The Go-To Resume Checklist

National Experts in Resume Writing & Career Coaching

The Go-To Resume Checklist

If finding a new job or a new career is on your mind, it’s time to get started with the resume. A well-written resume that speaks to what hiring managers are looking for will help open the doors to job interviews. Without it, you can find yourself job searching to no end. Even when you have colleagues or friends who refer you to a job and they help you secure the job interview, you’ll still need to walk into the meeting prepared with a well-written resume.

Your resume should present your professional brand – one that you believe in and that you’re proud to put in front of hiring managers. Clients who work with our certified professional resume writers (CPRWs) receive a one-on-one experience so that the resume is specifically personalized and written to their specific job search needs.

To ensure your resume is well-written and properly represents you in the best light, review the checklist items below.

  • Your Name
    How do you display your name on the resume? If you’ve never given this any thought, understand that how you position your name can subtly position you for the job. If you are applying to a position or organization that’s strongly focused on formality, plug in the middle initial or stick with the formal first name. However, if you are applying to a position where being friendly and down-to-earth is valued, you may want to present a more informal name that everyone you know goes by, like Liz (for Elizabeth) or Chuck (for Charles).
  • Target Audience
    If you want a call-back from employers, you’ll need to work with more than one resume. Each time you apply to a job, your resume should be tweaked to appeal to the target audience. Not only do you need to address the specific needs of the position and company, but you should work on applying the associated keywords in your writing. Express your relevance in terms of experience and skills incorporating appropriate keywords.
  • Demonstrating You Can Do the Job and Do It Well
    There’s a common misconception that the resume is simply there to detail one’s background and previous work experience. If that’s the approach you’re taking with your resume, then the entire point of the resume is missed! It’s not there to record a historical record, the resume should be used to demonstrate to employers that you can do the job and do it well. What skills and achievements do you have to show that will inform others what you have to offer? Work with numbers to help you get the point across clearly. For more tips, read: “Resume Fact-Finding: How to Put Pertinent Information on the Resume.”
  • Giving Your Resume Visual Appeal
    Your resume needs to welcome the reader’s eyes onto the page. Avoid thick text blocks by incorporating the proper use of white space. Also use bold type to help enhance specific details on the resume. Keep a consistent format with your resume. Some hiring managers may only spend 6 seconds or less on it, so you want to put the important information on top. That includes prioritizing your bullet points. Make it easy for hiring managers to find the information they need to be informed of how well qualified you are for the job.
  • Eliminating the Chance of Age Discrimination
    Age discrimination is a matter that impacts many workers. If you’re not careful, your resume may signal signs that are cause for age discrimination, whether intentional by the employer or not because of unconscious bias that may occur.
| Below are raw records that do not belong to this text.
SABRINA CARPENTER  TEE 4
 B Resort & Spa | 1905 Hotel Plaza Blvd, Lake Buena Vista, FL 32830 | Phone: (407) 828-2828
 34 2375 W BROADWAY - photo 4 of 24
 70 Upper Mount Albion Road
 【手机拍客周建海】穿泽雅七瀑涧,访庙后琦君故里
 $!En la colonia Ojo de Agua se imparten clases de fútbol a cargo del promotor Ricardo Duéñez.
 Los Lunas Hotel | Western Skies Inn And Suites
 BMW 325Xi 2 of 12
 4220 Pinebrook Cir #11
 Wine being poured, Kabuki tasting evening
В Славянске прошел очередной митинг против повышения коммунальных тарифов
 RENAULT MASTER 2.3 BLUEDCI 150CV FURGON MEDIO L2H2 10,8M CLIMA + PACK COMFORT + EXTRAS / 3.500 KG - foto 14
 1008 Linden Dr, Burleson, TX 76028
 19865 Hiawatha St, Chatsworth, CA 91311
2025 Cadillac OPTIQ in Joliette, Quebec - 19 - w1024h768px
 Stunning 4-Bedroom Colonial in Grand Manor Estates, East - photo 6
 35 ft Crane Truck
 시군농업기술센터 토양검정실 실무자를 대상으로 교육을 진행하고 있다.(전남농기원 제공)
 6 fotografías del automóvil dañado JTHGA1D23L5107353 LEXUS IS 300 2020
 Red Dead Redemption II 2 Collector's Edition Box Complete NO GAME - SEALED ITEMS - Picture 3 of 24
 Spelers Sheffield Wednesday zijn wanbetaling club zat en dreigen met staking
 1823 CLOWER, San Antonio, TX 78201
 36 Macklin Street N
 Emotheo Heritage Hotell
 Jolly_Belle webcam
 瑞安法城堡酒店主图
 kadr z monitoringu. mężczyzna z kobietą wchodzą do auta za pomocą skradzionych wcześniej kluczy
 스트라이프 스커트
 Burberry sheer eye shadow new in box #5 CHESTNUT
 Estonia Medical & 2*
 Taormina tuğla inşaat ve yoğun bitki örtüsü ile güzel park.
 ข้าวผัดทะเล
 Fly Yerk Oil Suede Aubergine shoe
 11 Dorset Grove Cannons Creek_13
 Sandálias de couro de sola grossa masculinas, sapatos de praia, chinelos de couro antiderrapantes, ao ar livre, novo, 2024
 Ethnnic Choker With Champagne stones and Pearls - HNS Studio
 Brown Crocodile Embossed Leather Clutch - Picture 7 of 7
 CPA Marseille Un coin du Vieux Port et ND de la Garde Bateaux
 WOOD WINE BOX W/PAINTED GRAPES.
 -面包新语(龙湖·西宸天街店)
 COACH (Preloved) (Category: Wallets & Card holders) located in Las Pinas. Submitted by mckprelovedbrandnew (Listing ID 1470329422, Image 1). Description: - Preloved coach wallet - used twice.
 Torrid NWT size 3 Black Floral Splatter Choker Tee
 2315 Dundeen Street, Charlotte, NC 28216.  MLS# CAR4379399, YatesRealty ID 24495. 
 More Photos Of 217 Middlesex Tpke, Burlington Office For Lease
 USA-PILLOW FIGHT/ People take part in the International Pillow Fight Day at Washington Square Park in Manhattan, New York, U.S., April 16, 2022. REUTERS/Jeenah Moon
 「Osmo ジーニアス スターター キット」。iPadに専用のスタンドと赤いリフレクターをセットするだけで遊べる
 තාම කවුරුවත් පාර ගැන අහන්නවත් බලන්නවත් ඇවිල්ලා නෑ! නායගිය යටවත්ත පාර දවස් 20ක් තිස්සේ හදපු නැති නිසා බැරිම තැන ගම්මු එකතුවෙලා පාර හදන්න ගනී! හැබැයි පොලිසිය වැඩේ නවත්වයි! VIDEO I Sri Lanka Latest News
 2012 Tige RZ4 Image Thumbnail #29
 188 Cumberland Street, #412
The email address you use, information you list under Education, to how you format your resume, or the specific details you choose to include about your experience and skills are all factors that have impact on the resume. Review specifics to what you can do to reduce the chance of age discrimination on your resume here.
  • Presenting a Resume That’s Error-Free
    Professionalism needs to come through on the resume and in all forms of your communication. A resume with spelling errors signals lack of professionalism and carelessness. Make a point to carefully review all documents and emails before sending them to the employer. For a review of the common errors found on resumes, read: “What Spell Check Doesn’t Check Can Hurt Your Resume.”
  • Providing a Resume That’s Applicant Tracking System (ATS) Ready
    Following on one of the earlier points to know your “target audience,” making a good judgement on whether the employer maybe using an ATS to filter resumes can also help you determine how to best write your resume. As you may have read in some of our previous posts, the ATS can narrow the window of qualified job applicants notably. If you’re resume does not comply with the ATS software many employers have come to rely on, it can reduce your chances at a job interview significantly. For more tips, read: “Applicant Tracking Systems: What’s Changed and How Does It Impact Resume Writing.” We’ll also be covering signs to help spot when an employer is using an ATS in a future post, so come back for more information.

There are so many components to crafting an effective resume that this checklist can run on forever. Here we’ve highlighted some of the more major key elements.

If you’re in need of resume writing help, contact About Jobs today! Our certified professional resume writers and career consultants can help you with the tools to target the right jobs and go from interviewee to future employee. Visit us today at, or find us on LinkedIn and Facebook.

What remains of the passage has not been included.